Pietro, San Pietro. Confesso che a San Pietro, tra tutti gli apostoli di Cristo, è sempre andata, più che a ogni altro, la mia simpatia, il mio amore. E non mi è mai riuscito di trattenere le lagrime, rileggendo la fine del capitolo 26 di Matteo, o udendolo raccontare da un pulpito, o vedendolo in qualche rappresentazione di filodrammatici, o in qualche film della Passione. Sì, anche nei peggiori film, a quel punto, piangevo: e la maggioranza degli spettatori, puntualmente, piangeva con me.
«Pietro, intanto, era seduto fuori, nel cortile. Una serva gli si avvicinò dicendo: “Anche tu eri con Gesù il Galileo!”. Ma egli negò dinanzi a tutti, dicendo: “Non so quel che dici”. Uscito nel portico, un’altra lo vide e disse a quanti erano là: “Costui era con Gesù il Nazareno!”. Di nuovo, egli negò con giuramento: “Non conosco quest’uomo!”. Poco dopo, gli astanti si avvicinarono e dissero a Pietro: “Anche tu sei davvero di quelli, perché il tuo modo di parlare ti tradisce”. Allora cominciò a imprecare su di sé e giurare: “Non conosco quest’uomo!”. E subito un gallo cantò. E Pietro si ricordò di ciò che aveva detto Gesù: “Prima che il gallo canti, mi negherai tre volte”. E uscito fuori, pianse amaramente».
Non conosco nulla di più commovente, nella letteratura mondiale. Nulla di più consolante, anche, nulla di più ottimista. Il pianto di Pietro è un simbolo, è una garanzia di salvezza per tutta l’umanità.
Attendevo Pasolini a quel punto. A differenza degli altri apostoli e degli altri personaggi, scelti, tutti, con straordinaria felicità, Pietro non mi convinceva. E anche la scena in cui Gesù predice a Pietro il canto del gallo, non era stata tra le più felici. Non importa. Attendevo Pasolini a quel punto. Lo attendevo con ansia e con amore. Volevo, sì, volevo piangere. E sapevo che se Pasolini fosse riuscito a farmi piangere in quel punto, ebbene, avrebbe avuto partita vinta. Tutto il pubblico avrebbe, allora, seguito in lacrime il film fino alla fine. Bella, dunque, l’uscita di Pietro dal portico, bello quel viottolo serpeggiante, segreto, stretto tra i poveri muri degli orti. Bello, bello, ma… ma il canto del gallo quasi non si ode, e quello che è molto peggio, il pianto di Pietro non ci commuove affatto. Perché?

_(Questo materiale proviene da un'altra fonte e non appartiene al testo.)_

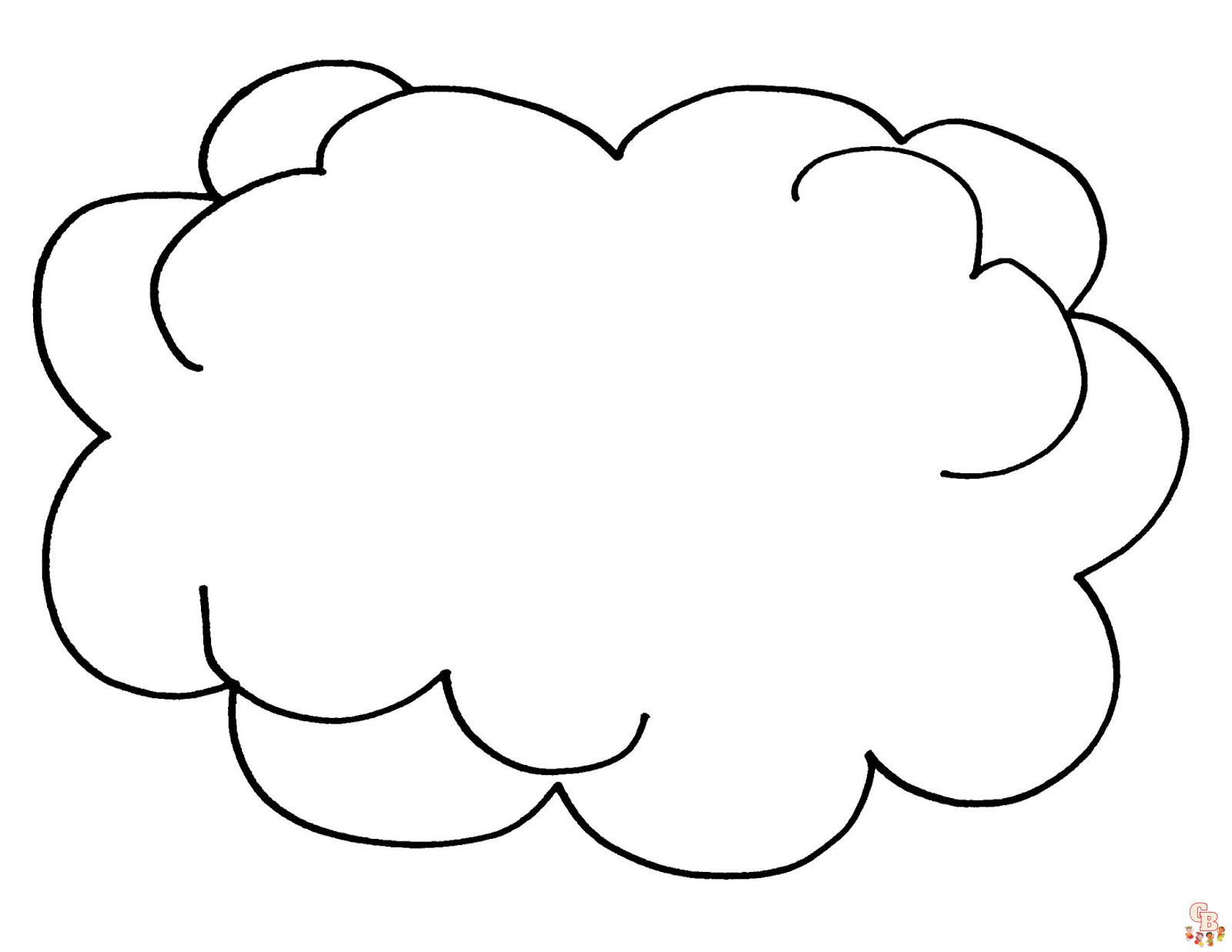 Cloud coloring pages printable and free coloring pages of clouds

Ci ho pensato e ripensato, a questo perché. A Venezia, ne ho anche parlato, a lungo, con René Clair. René Clair, dirà Pasolini, non era il tipo più adatto per una conversazione del genere. Eppure, anche lui, come me, era rimasto, fino a quel punto del film, estremamente disposto alla commozione. Bisogna forse supporre che, a quel punto sublime, eppure così semplice, della narrazione evangelica, per la prima volta non ci si commuove perché, nel fondo fondo, Pasolini è rimasto freddo? Bisogna, ahimè, supporlo: non c’è scampo.
Vediamo tutti i meriti, le bellezze, le sottigliezze, le glorie del film. La genialissima scelta dei tipi, e l’altrettanto geniale scelta dei commenti musicali: Mozart, soprattutto, che con la sua perfezione basta a infondere il senso del divino nella giusta umiltà e nella giusta rozzezza degli avvenimenti rappresentati. E le straordinarie sequenze della Passione, riprese a bella posta come dalla mano di un maldestro operatore di attualità che fosse stato inviato là, in Palestina, a Gerusalemme, in quel giorno di subbuglio. Qui, l’intelligenza di Pasolini è stata davvero ispirata.

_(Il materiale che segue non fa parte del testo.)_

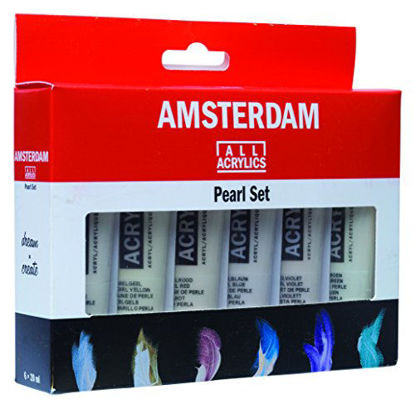 Picture of Amsterdam Acrylic Standard Series Paint Set 6x20ml Pearl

Ha capito che l’evento era troppo alto per cercare di rappresentarlo con bellezza. Che qualunque messa in scena sarebbe stata, appunto, soltanto una messa in scena: una più o meno ben congegnata coreografia. E ha tentato il grande colpo di fare vero: vero come se la Passione fosse vera, e il povero operatore riuscisse a mala pena a darne un’idea, con la sua traballante Arriflex a mano, forse a sedici millimetri, e di lontano, e attraverso la barriera delle schiene e dei corpi dei curiosi… Formidabile. E così la crocifissione, e la Madonna che fissa con gli occhi il martirio del figlio, perché vuole anche lei soffrire il più possibile. Sono pezzi indimenticabili. Peccato che tutto il film non sia così.
Peccato che Pier Paolo non si sia ricordato che l’unico vero modo di essere religioso sarebbe stato quello di essere soltanto umano, soltanto razionale, soltanto «storico». Eppure lo sapeva benissimo. Lo aveva perfino detto, abbastanza chiaramente, nella poesia che chiude il volume dell’Usignolo: Ma c’è nell’esistenza qualcos’altro che amore per il proprio destino. E un calcolo senza miracolo che accora o sospetto che incrina. La nostra storia morsa di puro amore, forza razionale e divina.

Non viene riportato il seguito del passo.